[Captioned web images]
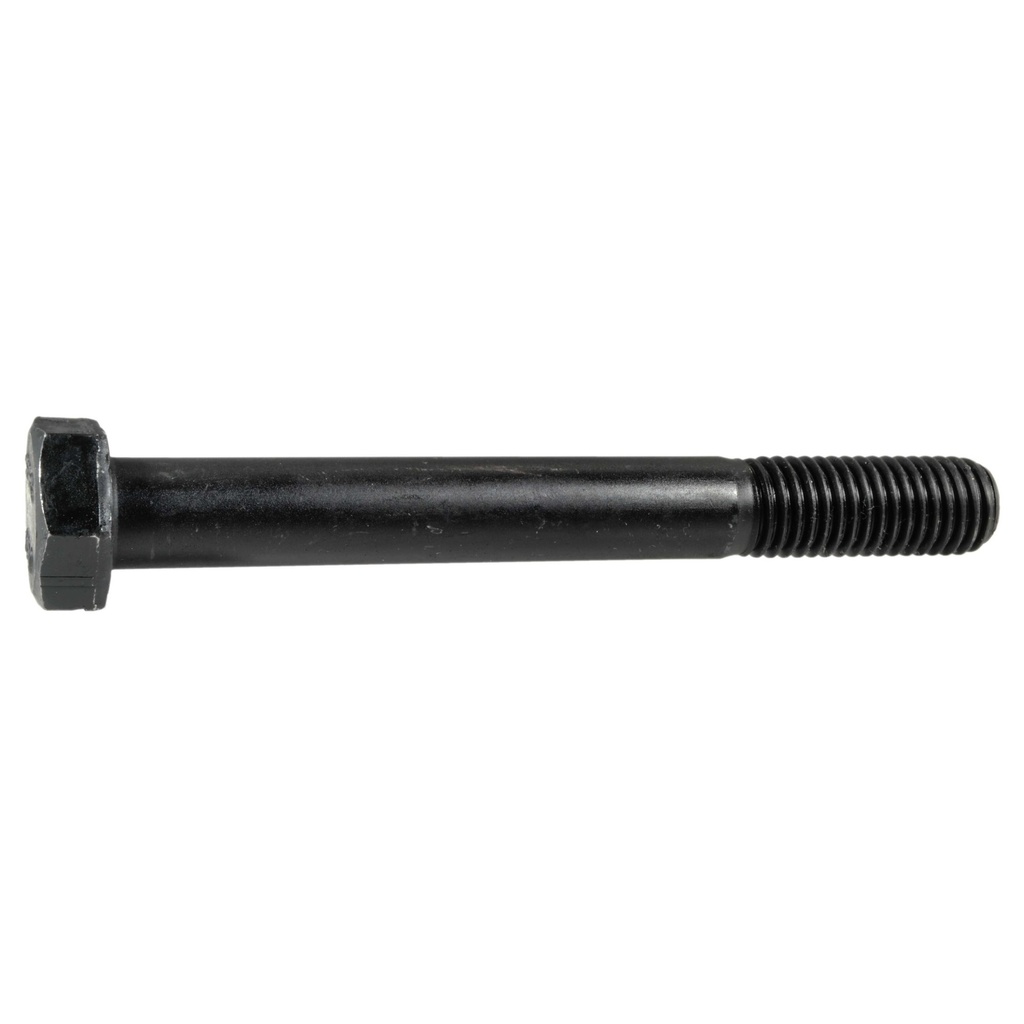 14mm-2.0x120mm Hex Cap Scr 10.9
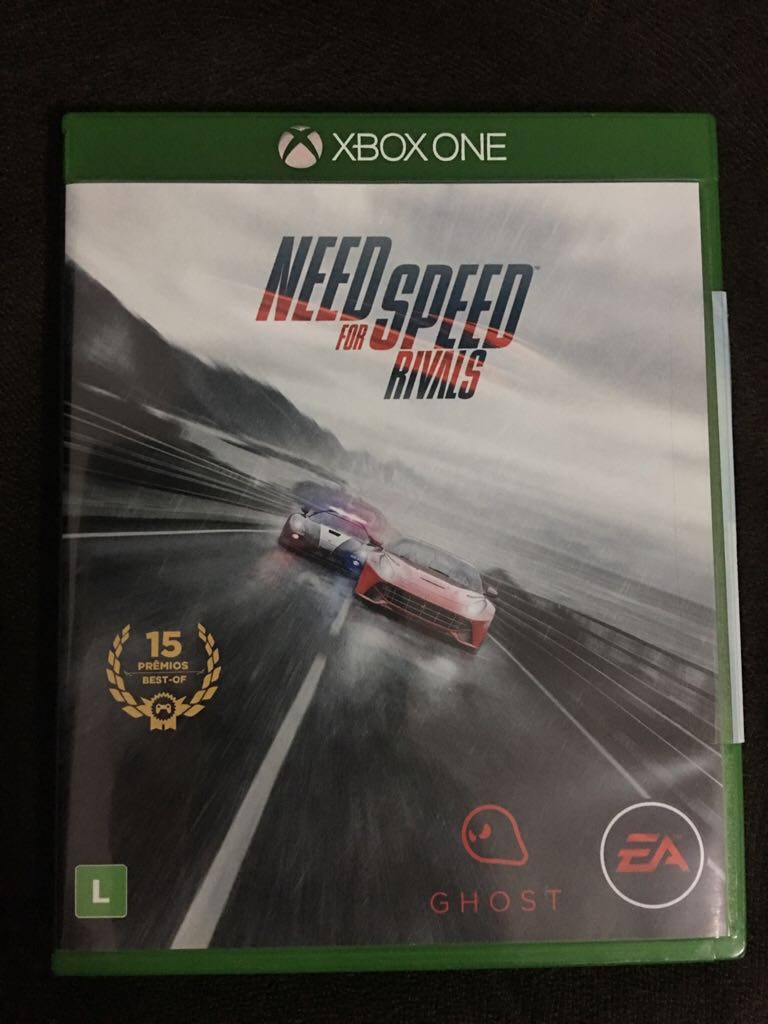 Ranma 1/2 (tranche Sunfade)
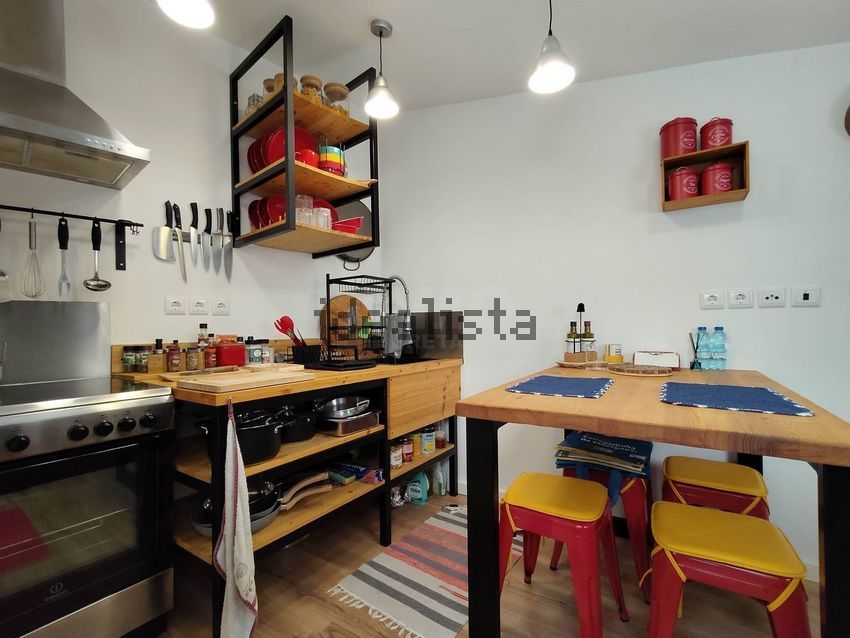 Moradia T1 à venda em Covilhã e Canhoso, Covilhã — foto 26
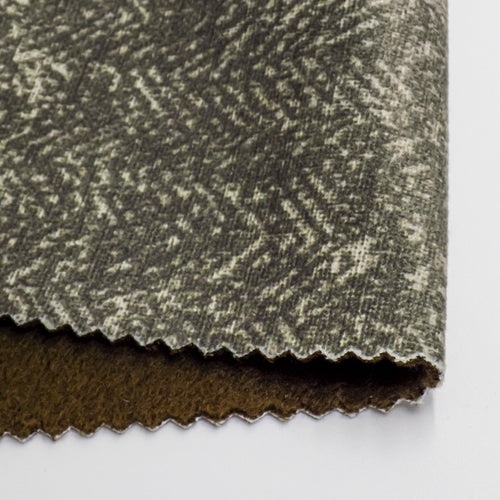 Δείγμα Algebra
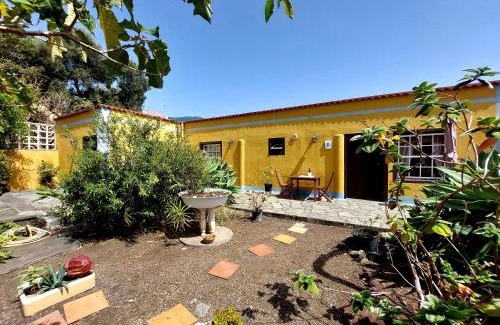 Brena Baja House | Villa Asunción D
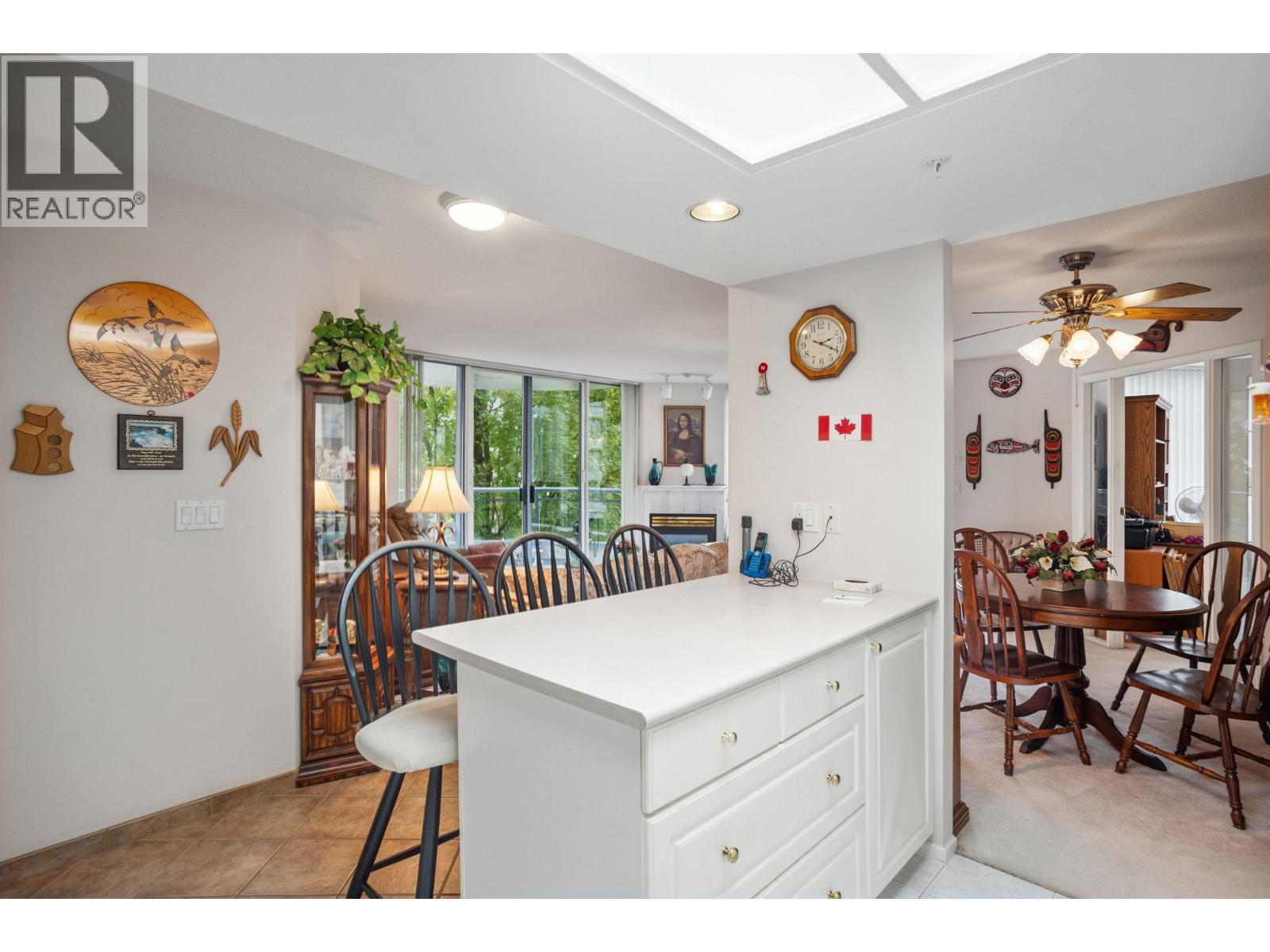 305 739 Princess Street, New Westminster, British Columbia  V3M 6V6 - Photo 12 - R3060892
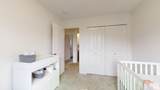 16903 68 Street - Photo 35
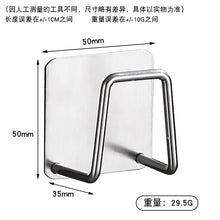 87505e0824b48ae13df8cfce3a26600f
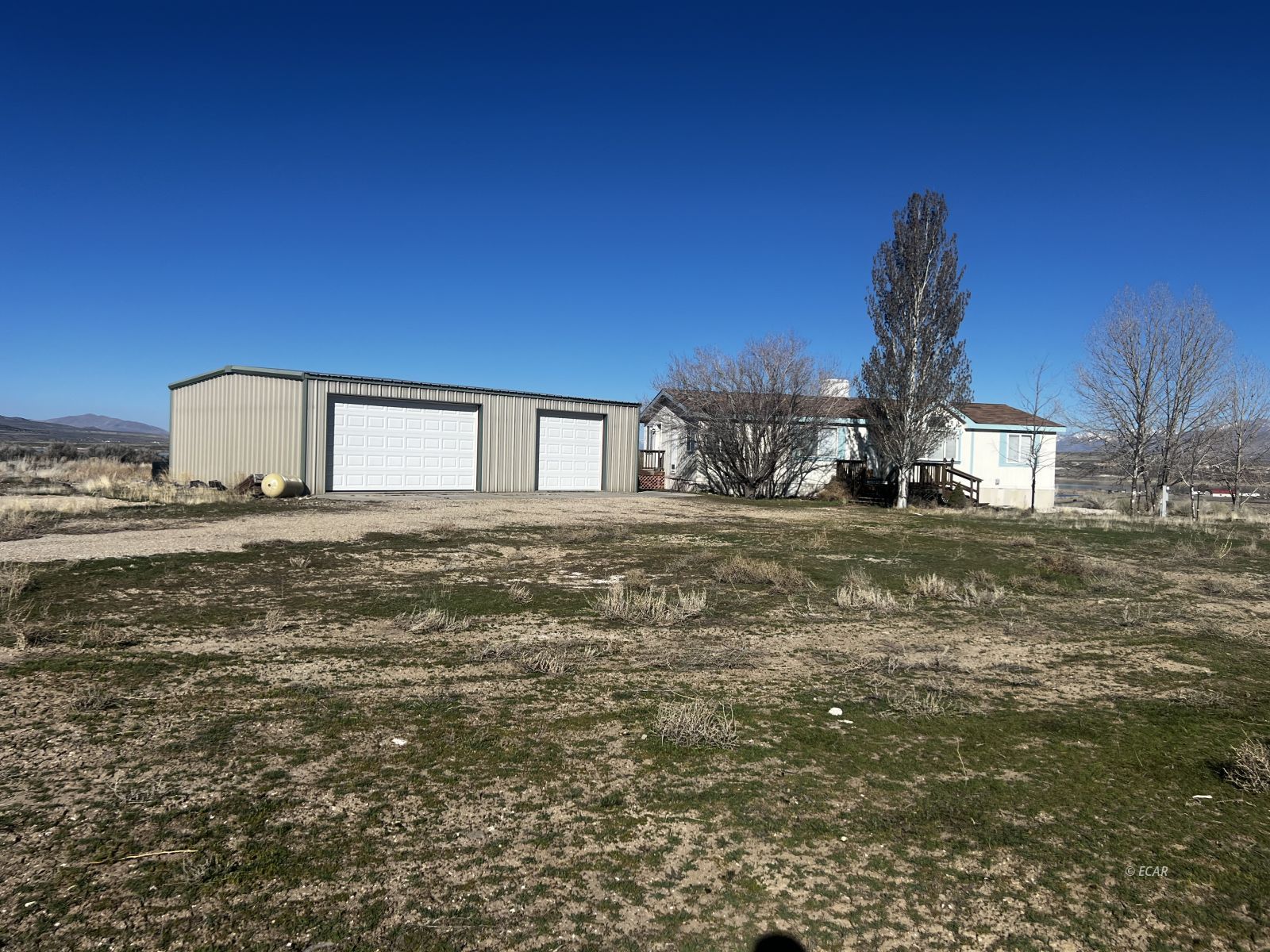 2844 Hummingbird Street Property Photo 29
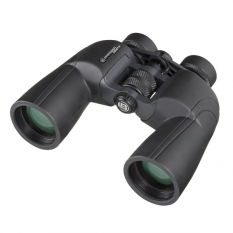 Бинокль Bresser Corvette II 7x50 WP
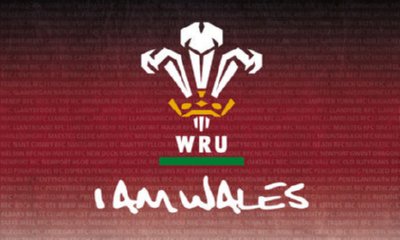 Free Welsh Rugby Pack
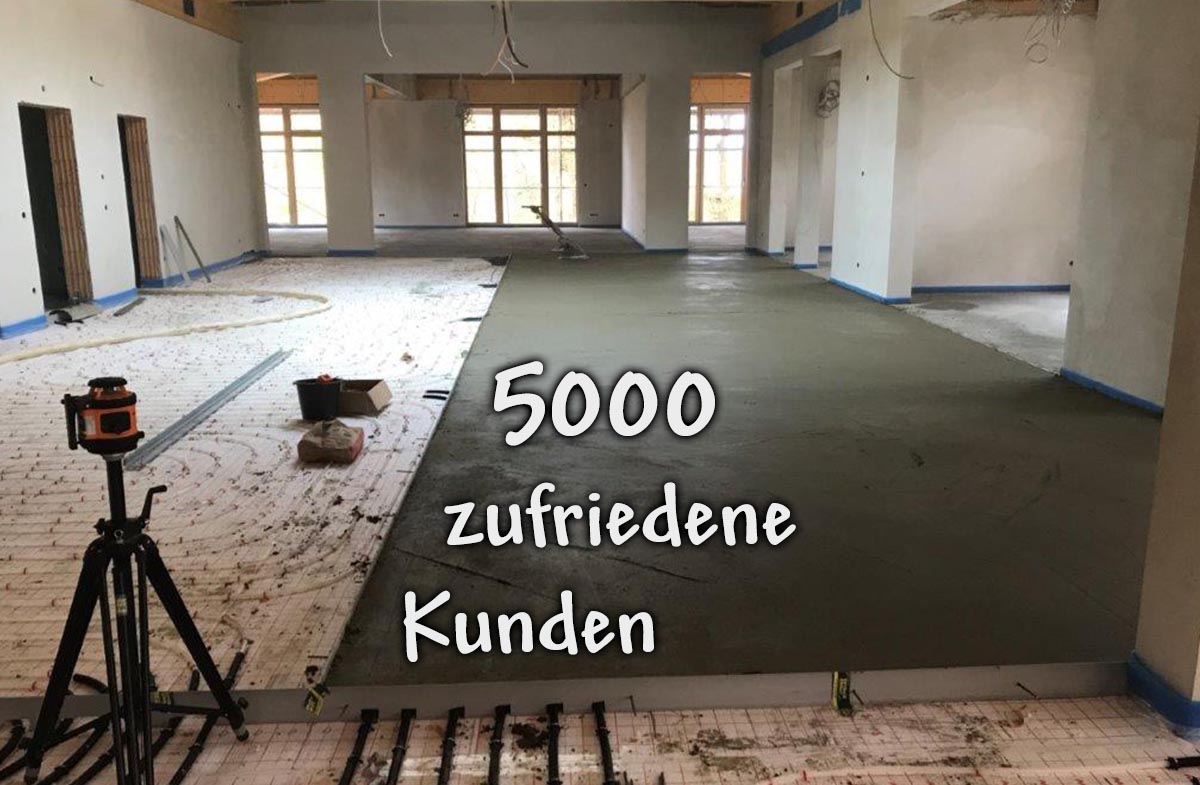 Jubiläum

- Problem to solve -
What is needed is an exact repetition of every line from the line with "Δείγμα Algebra" to the end of the data above, both ends included, with no pictures.

- Written reply -
 Δείγμα Algebra
 Brena Baja House | Villa Asunción D
 305 739 Princess Street, New Westminster, British Columbia  V3M 6V6 - Photo 12 - R3060892
 16903 68 Street - Photo 35
 87505e0824b48ae13df8cfce3a26600f
 2844 Hummingbird Street Property Photo 29
 Бинокль Bresser Corvette II 7x50 WP
 Free Welsh Rugby Pack
 Jubiläum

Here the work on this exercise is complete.